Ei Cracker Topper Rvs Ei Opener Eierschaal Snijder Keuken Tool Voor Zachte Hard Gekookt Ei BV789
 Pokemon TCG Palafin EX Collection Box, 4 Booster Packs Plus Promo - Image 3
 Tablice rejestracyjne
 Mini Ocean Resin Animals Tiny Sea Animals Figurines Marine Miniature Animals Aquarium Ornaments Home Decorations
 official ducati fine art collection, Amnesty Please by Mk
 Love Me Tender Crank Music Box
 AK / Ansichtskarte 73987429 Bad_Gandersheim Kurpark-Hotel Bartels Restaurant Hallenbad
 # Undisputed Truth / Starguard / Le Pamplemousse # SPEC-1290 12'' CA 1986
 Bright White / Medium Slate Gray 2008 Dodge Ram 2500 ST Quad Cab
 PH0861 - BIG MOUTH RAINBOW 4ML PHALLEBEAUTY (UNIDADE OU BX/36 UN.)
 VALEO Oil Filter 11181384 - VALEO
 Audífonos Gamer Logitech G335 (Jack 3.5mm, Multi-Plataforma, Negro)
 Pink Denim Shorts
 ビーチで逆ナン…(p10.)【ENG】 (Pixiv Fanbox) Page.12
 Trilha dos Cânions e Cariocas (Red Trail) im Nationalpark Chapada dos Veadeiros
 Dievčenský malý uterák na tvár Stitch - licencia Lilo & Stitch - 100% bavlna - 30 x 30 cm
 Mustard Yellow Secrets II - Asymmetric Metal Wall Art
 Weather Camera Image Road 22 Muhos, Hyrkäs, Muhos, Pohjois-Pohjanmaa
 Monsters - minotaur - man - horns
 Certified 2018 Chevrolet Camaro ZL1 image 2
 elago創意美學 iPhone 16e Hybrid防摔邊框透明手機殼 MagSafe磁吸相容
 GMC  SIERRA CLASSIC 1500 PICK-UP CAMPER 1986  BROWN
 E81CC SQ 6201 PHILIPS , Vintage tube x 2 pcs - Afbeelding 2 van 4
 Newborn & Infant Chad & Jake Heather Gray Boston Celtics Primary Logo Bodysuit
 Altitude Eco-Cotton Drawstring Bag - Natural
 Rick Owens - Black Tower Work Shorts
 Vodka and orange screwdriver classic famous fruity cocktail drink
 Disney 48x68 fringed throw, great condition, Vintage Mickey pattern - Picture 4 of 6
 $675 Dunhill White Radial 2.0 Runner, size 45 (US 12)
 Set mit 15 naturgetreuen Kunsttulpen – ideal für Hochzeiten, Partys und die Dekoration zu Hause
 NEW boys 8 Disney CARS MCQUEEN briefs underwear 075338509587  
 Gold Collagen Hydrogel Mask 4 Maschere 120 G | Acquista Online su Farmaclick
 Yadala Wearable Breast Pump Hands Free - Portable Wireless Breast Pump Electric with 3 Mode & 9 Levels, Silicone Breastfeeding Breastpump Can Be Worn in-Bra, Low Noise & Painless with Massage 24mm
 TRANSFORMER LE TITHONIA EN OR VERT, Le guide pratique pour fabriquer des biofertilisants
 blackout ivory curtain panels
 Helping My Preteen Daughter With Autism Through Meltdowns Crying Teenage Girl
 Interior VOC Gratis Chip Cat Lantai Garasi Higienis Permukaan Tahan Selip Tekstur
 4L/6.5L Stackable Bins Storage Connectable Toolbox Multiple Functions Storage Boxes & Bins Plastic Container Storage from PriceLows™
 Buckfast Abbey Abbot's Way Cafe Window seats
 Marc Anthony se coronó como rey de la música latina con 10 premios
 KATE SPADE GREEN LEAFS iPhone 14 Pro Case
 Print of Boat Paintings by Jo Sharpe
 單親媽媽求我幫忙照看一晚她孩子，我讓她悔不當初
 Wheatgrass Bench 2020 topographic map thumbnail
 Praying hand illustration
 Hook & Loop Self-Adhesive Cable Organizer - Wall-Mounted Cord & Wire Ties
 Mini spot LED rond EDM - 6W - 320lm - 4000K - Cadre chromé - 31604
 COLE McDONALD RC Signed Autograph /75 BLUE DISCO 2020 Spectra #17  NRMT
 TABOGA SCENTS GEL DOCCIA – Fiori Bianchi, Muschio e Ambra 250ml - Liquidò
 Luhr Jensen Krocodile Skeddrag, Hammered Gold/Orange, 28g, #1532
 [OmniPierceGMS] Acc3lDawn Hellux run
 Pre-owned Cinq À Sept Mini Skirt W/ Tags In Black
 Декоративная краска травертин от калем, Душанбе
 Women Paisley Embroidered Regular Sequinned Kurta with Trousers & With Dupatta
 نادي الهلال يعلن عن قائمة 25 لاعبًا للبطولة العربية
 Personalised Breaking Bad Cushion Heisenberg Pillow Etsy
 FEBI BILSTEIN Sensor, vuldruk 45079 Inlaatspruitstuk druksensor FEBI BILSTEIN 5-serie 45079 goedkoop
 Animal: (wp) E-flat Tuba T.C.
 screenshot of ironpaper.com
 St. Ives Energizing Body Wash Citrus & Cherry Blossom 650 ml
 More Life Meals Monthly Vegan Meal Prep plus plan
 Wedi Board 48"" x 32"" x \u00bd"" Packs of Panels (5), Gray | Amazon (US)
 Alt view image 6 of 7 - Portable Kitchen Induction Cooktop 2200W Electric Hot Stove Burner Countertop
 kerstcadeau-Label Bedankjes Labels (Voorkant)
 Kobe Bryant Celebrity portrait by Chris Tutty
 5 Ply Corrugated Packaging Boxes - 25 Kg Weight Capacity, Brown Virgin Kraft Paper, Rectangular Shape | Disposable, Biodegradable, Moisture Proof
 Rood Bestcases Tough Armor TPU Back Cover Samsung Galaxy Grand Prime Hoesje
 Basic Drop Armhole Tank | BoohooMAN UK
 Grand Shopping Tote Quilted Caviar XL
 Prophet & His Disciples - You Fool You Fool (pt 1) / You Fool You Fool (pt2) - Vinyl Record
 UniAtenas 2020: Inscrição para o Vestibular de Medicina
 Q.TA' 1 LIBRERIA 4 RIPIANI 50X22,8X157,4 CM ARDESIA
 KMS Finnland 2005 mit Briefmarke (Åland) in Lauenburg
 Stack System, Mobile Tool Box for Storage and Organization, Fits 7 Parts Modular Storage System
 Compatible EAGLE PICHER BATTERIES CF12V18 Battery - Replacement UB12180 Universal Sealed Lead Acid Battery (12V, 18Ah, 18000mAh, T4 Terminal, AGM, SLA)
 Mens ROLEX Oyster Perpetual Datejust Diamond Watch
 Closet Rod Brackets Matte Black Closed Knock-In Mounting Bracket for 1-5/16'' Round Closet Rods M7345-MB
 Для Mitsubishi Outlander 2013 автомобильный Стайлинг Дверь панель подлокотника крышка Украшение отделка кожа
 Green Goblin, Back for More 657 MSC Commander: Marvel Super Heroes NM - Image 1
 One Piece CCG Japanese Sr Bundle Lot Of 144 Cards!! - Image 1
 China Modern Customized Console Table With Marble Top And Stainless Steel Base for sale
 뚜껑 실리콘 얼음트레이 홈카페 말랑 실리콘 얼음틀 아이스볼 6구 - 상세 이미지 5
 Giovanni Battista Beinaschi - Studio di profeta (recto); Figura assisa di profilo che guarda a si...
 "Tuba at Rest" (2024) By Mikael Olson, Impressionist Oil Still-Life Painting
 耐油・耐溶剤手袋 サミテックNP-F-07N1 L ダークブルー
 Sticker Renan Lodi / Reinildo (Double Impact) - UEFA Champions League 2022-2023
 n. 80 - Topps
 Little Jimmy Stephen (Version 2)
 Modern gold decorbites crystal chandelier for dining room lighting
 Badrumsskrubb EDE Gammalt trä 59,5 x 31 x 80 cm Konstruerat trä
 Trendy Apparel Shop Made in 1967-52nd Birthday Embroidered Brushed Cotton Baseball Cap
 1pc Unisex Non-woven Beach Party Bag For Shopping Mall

Task requirements: Everything from the first line of the listing above through the line holding "Trilha dos Cânions" must be retyped exactly; nothing else belongs in the reply.

Completed exercise:
Ei Cracker Topper Rvs Ei Opener Eierschaal Snijder Keuken Tool Voor Zachte Hard Gekookt Ei BV789
 Pokemon TCG Palafin EX Collection Box, 4 Booster Packs Plus Promo - Image 3
 Tablice rejestracyjne
 Mini Ocean Resin Animals Tiny Sea Animals Figurines Marine Miniature Animals Aquarium Ornaments Home Decorations
 official ducati fine art collection, Amnesty Please by Mk
 Love Me Tender Crank Music Box
 AK / Ansichtskarte 73987429 Bad_Gandersheim Kurpark-Hotel Bartels Restaurant Hallenbad
 # Undisputed Truth / Starguard / Le Pamplemousse # SPEC-1290 12'' CA 1986
 Bright White / Medium Slate Gray 2008 Dodge Ram 2500 ST Quad Cab
 PH0861 - BIG MOUTH RAINBOW 4ML PHALLEBEAUTY (UNIDADE OU BX/36 UN.)
 VALEO Oil Filter 11181384 - VALEO
 Audífonos Gamer Logitech G335 (Jack 3.5mm, Multi-Plataforma, Negro)
 Pink Denim Shorts
 ビーチで逆ナン…(p10.)【ENG】 (Pixiv Fanbox) Page.12
 Trilha dos Cânions e Cariocas (Red Trail) im Nationalpark Chapada dos Veadeiros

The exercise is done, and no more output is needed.